Now while I could probably do this using the extra properties concept, it is more complicated, does not integrate as well, and breaks builds for colleagues who are not so quick in updating to the latest Gradle version.

If such a concept is really needed at all (something I doubt, because why otherwise use a dynamic language like Groovy?), why not do it as in other (stricter) languages by adding a declaration block to a project where a user could declare the possible properties, like

properties {

myproperty1, myproperty2, myproperty3, … }

Then you could issue a warning in case a property is used that has not been declared.


(Sebastian Schaffert) #8

Another complaint about the feature (addition to my previous complaint :wink: ):

I have currently used the dynamic property feature to declare my own Groovy methods in gradle scripts that I include using “apply from:”. Declaring methods in external scripts using e.g.

/**

  • Return the hostname of the build machine

*/ getHostInfo = { ->

return java.net.InetAddress.getLocalHost().getHostName(); }

is very natural, but issues a warning now (note that def getHostInfo() … does not work because of the way “apply from” works).

Of course I could also write my own plugin instead, but this would take away one of the advantages of Gradle over Maven … so -1 from my side for the feature. :frowning:


(Luke Daley) #9

You just need:

ext.getHostInfo = { … }


(Justin Ryan) #10

In contrast, I found my biggest stumbling blocks when learning Gradle was all the conventions and dynamic properties. Figuring out where a property came from and then knowing if I got it correct was an absolute headache.

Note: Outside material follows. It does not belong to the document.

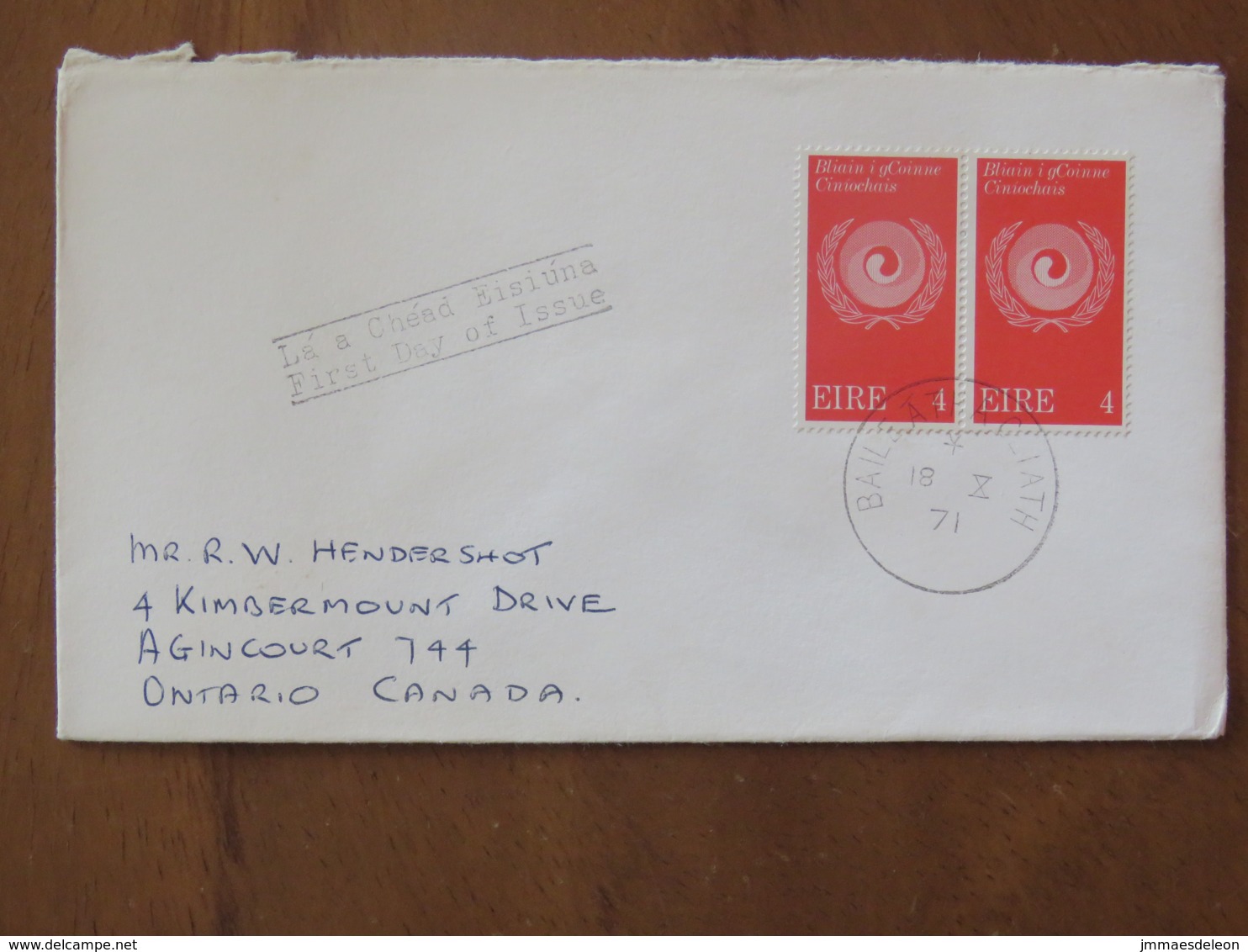 Ireland 1971 FDC Cover To Canada - Racial Equality Emblem - Lettres & Documents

The extra properties do work like you propose, i.e. you can put dynamic properties in a block, e.g.:

ext { myproperty1, myproperty2, myproperty3 }

If you want checking of properties, “that has not been declared”, adding an extension, which will do this check isn’t too hard and I think you’ll find that every plugin does exactly this so that they get the behavior that you’re talking about. Here’s an example which you could drop into your code:

protected MyExtension createExtension() {
        extension = project.extensions.create('myext', MyExtension)
        extension.with {
            // Default for extension
            header = project.file("LICENSE")
            ignoreFailures = false
        }
        return extension
    }

Then it’s up to you to make a Groovy/Java class that backs the MyExtension. It would be available in this case as “project.myext.header” and settable as:

myext { myproperty1 = true }


(detelinyordanov) #11

Hi,

I’m wondering whether the same syntax should be used to migrate dynamic properties set on module dependencies, e.g.:

dependencies {

compile (group: ‘org.foo’, name: ‘bar’, version: ‘1.0.0’, bundleId: ‘org.foo.bar’, bundleVersion: ‘1.0.0.20120212’)

}

Would setting the additional attributes work when using e.g. ‘ext.bundleId’ ?

Regards,

Detelin


(Luke Daley) #12

Good call. You’d have to do:

dependencies {
    compile (group: 'org.foo', name: 'bar', version: '1.0.0') {
    ext {
       bundleId = 'org.foo.bar'
      bundleVersion = '1.0.0.20120212'
    }
  }
}

We could add support for:

dependencies {
      compile (group: 'org.foo', name: 'bar', version: '1.0.0', "ext.bundleId": 'org.foo.bar', "ext.bundleVersion": '1.0.0.20120212')
  }

(detelinyordanov) #13

Having some more compact syntax to define those additional attributes would be great, as there may be many such dependencies. Also, while we are on the dependency definition topic, I noticed something strange in Gradle 1.0 milestone 9, it seems that the new ‘MapNotationParser’ is now removing the group/name/version keys, so the following:

List libraries = [

[ group: ‘commons-lang’, name: ‘commons-lang’ version: ‘2.6’ ],

[ group: ‘commons-collections’, name: ‘commons-collections’ version: ‘3.2.1’ ],

]

dependencies {

compile (libraries)

}

would cause all the Maps in the ‘libraries’ list to be empty, thus the list is not usable anymore for additional dependency definitions. This seemed to work with Gradle 1.0-m8a, is this change intentional?

Regards,

Detelin


(Luke Daley) #14

Things tend to get lost when they are buried in threads with a different topic. Woul you mind creating a new post for the MapNotationParser issue please.